My name is David Grinsfelder, and I’m a 26-year old model living in New York City. I’ve recently started studying for my GRE (I take it on November 6), and I’m looking for some feedback on my first GRE Essay. I’d so appreciate any feedback this community is willing to offer!
Prompt & Essay Below:
Claim: Young people’s tendency to make extensive use of portable devices like smartphones and tablets has hurt their development of social skills.
Reason: These devices encourage users to form artificial personalities and relationships online rather than fully and honestly engaging with the people around them.
Write a response in which you discuss the extent to which you agree or disagree with the claim and the reason on which that claim is based.
Portable devices like smartphones have produced a new wave of social interactions, not all of which are positive. I agree with the claim that, due to the likelihood that portable devices like smartphones will encourage users to form artificial personalities rather than engaging fully with the people around them, young people’s social skills have been hindered by portable devices.
Smartphones and tablets are an incredible source of knowledge and information, but they do not allow for the kinds of social interactions that develop one’s “real” personality. Although online avatars and social media profiles provide an exciting opportunity to craft (and often, to reshape) one’s presence and image, they are an overly curated version of the people behind the screens. These charlatans may sound and even look like their real-world counterparts, but it is difficult to know if one is engaging with the truest version of a person online. In addition, if the majority of interactions with other people happens from behind a screen, one does not have to engage in the kind of real-socializing that can be crucial to the development of proper social skills. The ability to read body language, listen for verbal cues, or even look in to the eyes of a conversational partner are largely null and void in the online realm, and as young people spend more and more of their time on portable devices, they minimize their opportunities to learn these techniques. In a world where genuine, face-to-face interactions are still vital for professional and personal success, this lack of opportunity to development basic human social skills will have deleterious effects on young people everywhere.

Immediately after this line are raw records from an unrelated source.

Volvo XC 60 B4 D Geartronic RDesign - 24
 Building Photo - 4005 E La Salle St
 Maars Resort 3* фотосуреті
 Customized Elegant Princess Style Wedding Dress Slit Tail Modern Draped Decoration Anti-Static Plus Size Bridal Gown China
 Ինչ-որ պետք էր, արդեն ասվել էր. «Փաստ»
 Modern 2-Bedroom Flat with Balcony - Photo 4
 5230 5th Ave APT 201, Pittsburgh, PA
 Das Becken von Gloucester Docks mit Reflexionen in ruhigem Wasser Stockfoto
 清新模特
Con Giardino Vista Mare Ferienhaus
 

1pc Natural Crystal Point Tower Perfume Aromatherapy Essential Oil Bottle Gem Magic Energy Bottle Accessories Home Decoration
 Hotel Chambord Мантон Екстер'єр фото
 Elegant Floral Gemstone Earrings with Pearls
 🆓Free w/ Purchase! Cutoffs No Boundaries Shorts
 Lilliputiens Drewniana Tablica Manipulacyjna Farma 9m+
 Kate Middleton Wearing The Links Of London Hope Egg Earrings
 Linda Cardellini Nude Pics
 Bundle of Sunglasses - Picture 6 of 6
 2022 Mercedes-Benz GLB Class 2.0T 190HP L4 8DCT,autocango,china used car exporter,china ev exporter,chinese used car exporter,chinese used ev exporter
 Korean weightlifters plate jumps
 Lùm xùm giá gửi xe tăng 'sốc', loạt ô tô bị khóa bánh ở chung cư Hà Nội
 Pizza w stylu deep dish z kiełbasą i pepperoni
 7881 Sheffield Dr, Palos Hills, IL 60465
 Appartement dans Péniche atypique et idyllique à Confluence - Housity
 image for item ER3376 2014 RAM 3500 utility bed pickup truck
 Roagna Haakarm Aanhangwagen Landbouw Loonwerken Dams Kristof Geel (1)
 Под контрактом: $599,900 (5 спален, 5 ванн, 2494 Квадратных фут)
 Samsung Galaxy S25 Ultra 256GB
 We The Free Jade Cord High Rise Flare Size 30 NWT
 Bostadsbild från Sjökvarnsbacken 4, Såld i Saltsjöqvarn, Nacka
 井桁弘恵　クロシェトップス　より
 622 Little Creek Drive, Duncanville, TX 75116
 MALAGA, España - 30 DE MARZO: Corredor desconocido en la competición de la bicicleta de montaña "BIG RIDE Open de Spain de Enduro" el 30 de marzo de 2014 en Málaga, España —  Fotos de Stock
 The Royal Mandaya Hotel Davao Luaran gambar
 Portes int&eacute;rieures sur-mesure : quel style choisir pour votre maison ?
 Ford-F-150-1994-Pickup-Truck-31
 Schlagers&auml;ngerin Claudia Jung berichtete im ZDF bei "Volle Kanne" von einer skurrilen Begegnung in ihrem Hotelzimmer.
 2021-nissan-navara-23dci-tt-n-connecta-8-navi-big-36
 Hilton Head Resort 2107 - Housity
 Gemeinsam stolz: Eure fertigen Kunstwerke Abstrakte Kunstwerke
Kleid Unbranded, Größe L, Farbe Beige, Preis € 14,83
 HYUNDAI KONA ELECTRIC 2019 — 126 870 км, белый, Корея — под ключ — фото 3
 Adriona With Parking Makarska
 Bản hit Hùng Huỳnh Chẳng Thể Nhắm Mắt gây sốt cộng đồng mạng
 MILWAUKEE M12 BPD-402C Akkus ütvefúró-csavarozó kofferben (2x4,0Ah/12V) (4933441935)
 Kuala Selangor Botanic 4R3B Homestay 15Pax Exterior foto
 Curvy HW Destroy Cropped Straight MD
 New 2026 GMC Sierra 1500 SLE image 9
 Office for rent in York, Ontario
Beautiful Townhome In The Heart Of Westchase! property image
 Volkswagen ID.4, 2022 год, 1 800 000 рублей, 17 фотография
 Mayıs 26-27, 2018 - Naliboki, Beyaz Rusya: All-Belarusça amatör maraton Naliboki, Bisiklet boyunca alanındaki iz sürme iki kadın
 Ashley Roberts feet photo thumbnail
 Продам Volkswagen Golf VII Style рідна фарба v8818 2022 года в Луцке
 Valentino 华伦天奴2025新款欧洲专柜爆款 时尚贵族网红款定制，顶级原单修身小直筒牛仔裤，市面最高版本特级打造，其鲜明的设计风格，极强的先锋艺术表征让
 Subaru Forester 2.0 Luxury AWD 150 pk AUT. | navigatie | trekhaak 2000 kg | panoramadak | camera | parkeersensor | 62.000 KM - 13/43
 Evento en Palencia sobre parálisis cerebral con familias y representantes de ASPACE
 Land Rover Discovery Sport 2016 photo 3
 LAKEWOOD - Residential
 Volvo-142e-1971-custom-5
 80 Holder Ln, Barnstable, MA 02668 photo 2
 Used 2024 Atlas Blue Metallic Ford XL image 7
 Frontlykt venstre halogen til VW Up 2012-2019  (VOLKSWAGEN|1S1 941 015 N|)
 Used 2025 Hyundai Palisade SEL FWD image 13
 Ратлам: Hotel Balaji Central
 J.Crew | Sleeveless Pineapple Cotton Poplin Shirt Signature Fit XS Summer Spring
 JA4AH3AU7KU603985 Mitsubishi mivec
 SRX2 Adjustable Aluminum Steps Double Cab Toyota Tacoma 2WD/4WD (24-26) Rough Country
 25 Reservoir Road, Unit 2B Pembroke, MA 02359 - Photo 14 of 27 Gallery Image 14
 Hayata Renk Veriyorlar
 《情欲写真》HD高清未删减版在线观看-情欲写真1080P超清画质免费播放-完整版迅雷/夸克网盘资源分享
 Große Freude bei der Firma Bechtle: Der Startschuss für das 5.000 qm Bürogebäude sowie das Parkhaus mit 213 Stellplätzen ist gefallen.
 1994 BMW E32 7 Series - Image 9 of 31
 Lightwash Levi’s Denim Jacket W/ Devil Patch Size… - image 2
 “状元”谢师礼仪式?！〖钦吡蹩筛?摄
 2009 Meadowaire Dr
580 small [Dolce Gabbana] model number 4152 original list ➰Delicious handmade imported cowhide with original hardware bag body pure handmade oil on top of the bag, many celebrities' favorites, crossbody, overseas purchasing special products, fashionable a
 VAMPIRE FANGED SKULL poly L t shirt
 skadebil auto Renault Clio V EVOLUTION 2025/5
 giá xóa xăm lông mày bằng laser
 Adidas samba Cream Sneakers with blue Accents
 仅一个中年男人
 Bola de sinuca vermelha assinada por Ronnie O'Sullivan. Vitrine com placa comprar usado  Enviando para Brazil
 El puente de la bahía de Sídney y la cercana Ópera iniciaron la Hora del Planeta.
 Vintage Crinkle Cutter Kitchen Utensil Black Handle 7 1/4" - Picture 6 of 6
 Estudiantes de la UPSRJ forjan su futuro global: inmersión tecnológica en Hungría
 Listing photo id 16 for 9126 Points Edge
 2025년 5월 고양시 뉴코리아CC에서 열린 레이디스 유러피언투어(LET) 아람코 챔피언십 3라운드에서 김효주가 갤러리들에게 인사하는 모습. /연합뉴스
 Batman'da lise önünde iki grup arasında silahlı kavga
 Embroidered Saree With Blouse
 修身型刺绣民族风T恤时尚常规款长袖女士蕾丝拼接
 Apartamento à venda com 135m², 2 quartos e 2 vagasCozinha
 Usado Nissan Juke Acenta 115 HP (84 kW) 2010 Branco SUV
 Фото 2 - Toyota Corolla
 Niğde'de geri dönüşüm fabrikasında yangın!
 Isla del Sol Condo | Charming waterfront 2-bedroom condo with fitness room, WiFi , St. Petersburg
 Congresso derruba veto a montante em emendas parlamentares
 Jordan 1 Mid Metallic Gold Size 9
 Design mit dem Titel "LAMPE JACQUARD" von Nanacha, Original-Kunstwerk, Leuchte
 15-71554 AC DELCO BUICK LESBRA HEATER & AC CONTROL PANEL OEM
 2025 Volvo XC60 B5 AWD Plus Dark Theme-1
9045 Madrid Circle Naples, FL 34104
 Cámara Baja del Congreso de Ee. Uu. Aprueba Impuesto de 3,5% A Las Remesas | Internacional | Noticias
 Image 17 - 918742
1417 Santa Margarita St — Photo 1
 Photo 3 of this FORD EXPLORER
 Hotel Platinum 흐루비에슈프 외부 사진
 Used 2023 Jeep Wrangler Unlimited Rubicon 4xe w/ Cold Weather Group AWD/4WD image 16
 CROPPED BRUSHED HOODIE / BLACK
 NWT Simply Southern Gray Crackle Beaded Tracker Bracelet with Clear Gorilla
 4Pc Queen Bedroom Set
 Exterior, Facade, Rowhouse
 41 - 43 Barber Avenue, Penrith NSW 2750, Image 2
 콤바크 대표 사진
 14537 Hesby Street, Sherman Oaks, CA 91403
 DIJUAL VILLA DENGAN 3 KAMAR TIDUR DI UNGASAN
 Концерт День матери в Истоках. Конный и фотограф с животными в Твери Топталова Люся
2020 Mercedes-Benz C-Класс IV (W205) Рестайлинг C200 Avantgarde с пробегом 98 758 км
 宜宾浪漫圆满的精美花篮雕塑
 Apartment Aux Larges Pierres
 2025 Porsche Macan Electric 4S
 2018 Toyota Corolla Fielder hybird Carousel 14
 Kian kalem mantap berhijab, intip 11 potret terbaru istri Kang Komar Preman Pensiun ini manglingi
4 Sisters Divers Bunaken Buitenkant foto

Moreover, young people’s tendency to make use of portable devices like smartphones and tablets to socialize directly interferes with the development more meaningful, in-person relationships. Human beings are, by evolution, social creatures, but developing genuine bonds of connection can be a difficult process. It can be, and often is, much easier for young people to default to the safety of the screen instead of fully and honestly engaging with the people around them, because they can more carefully control how others perceive them in the digital realm. Unfortunately, for those who are not socialized to do the difficult work of making friends and connections in person, it becomes increasingly difficult to break free of the pacifying effects of online relationships. The more that young people allow these digital interactions with friends and strangers to supplant their real world counterparts, the less likely they will be to venture out and develop true, interpersonal relationships.
On might argue that young people’s increasing affinity for smartphones, tablets, and other portable devices provides a net benefit in their lives, because it connects them to far away family members and provides access to a plethora of new domestic and international friends. It does, on occasion, even expose them to new ideas and concepts in online forums to which they would not otherwise have access. However, the increasing popularity of social media platforms like Instagram and TikTok demonstrate that young people’s increasing time online is usually not spent FaceTiming with grandma or chatting with an English-exchange student from Colombia. Furthermore, tablets and smartphones equipped with multiparty online gaming platforms, such as Minecraft or Call of Duty, usually do not foster many meaningful connections, and are even less likely to foster real-world equivalent “friendships”.
While it is true that portable devices like smartphones and tablets provide new opportunities to interface and connect with those outside one’s immediate geographic vicinity, these devices have hindered young people’s development of social skills because they do not allow for the crucial expression of one’s “real” personality, and they also allow online relationships to usurp the importance of engaging with real people.